The 1920 census questionnaire was similar, but slightly shorter, than its counterpart from 1910. "Place of abode" replaced "dwelling house" as the general term for a person's residence. There was no separate schedule for American Indians. Enumerators collected the following information from residents, organized by column:
Street of person's place of abode
Enumerators were to write the name of the street vertically in the column, so that they only had to write it once for all of the enumerated persons living on that street
House number or farm
Number of dwelling house in order of visitation by enumerator
Number of family in order of visitation by enumerator
Relationship to head of family
Is the person's home owned or rented?
If owned, is it owned freely or mortgaged?
Color or race
Enumerators were to enter "W" for White, "B" for Black, "Mu" for mulatto, "Ch" for Chinese, "Jp" for Japanese, "In" for American Indian, or "Ot" for other races.
Age at last birthday
Single, married, widowed, or divorced?
Enumerators were to enter "S" for single, "Wd" for widowed, "D" for divorced, "M1" for married persons in their first marriage, and "M2" for those married persons in their second or subsequent marriage.

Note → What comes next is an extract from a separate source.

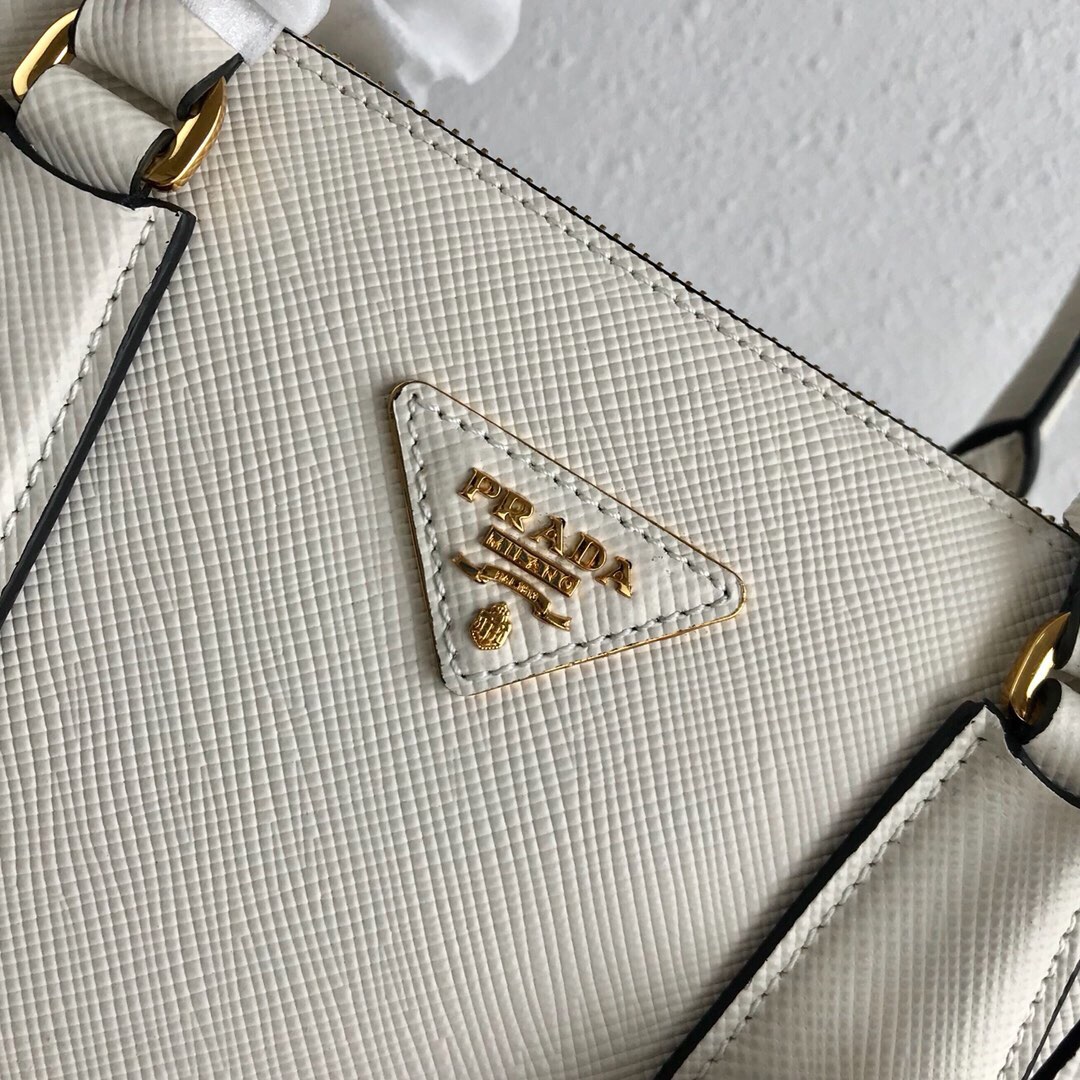 Pra*a galleria saffiano leather bag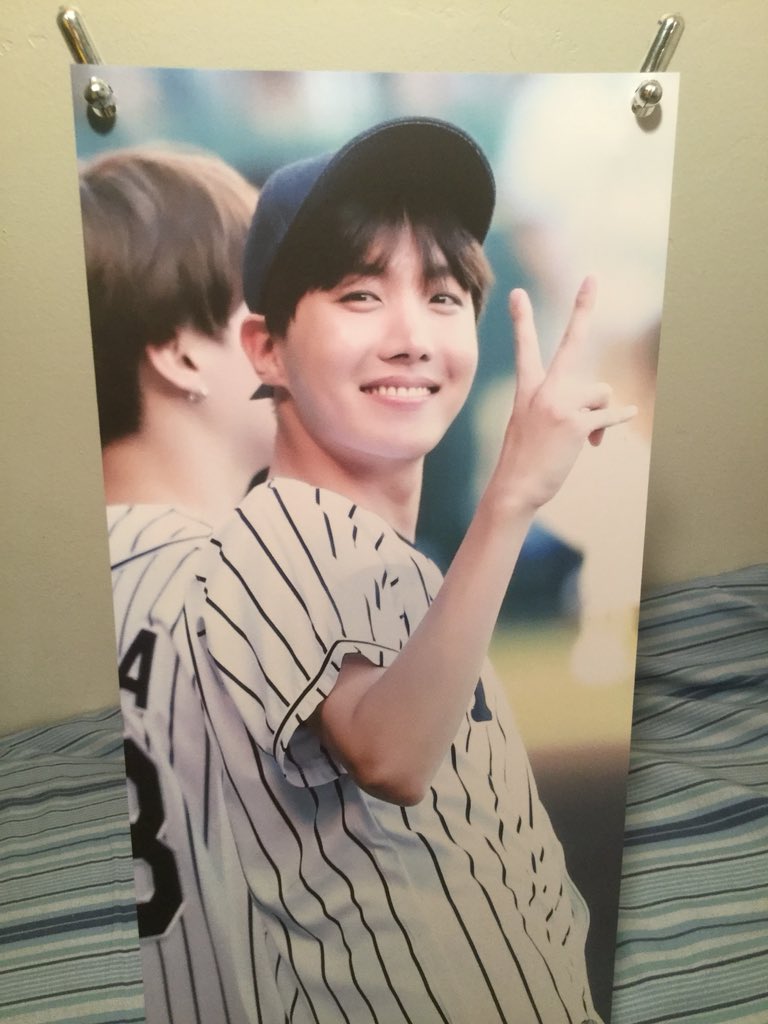 TheWildeAsh's tweet photo. Thank you so much @SANGUINETAE for doing the GO for High Hopes Douleur Exquise Goods stock sale! This mini banner is just gorgeous! I love it~! ^β₯οΈ^ #skthgos https://t.co/8icD8To9U5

Year of immigration to the United States
Is the person naturalized or alien?
If naturalized, what was the year of naturalization?
Did the person attend school at any time since September 1, 1919?
Can the person read?
Can the person write?
Person's place of birth
Person's mother tongue
Person's father's place of birth
Person's father's mother tongue
Person's mother's place of birth
Person's mother's mother tongue
Can the person speak English?
Person's trade or profession
Industry, business, or establishment in which the person works
Is the person an employer, a salary or wage worker, or working on his own account?
If the person is a farmer, what is the farm's identification number on the corresponding farm schedule?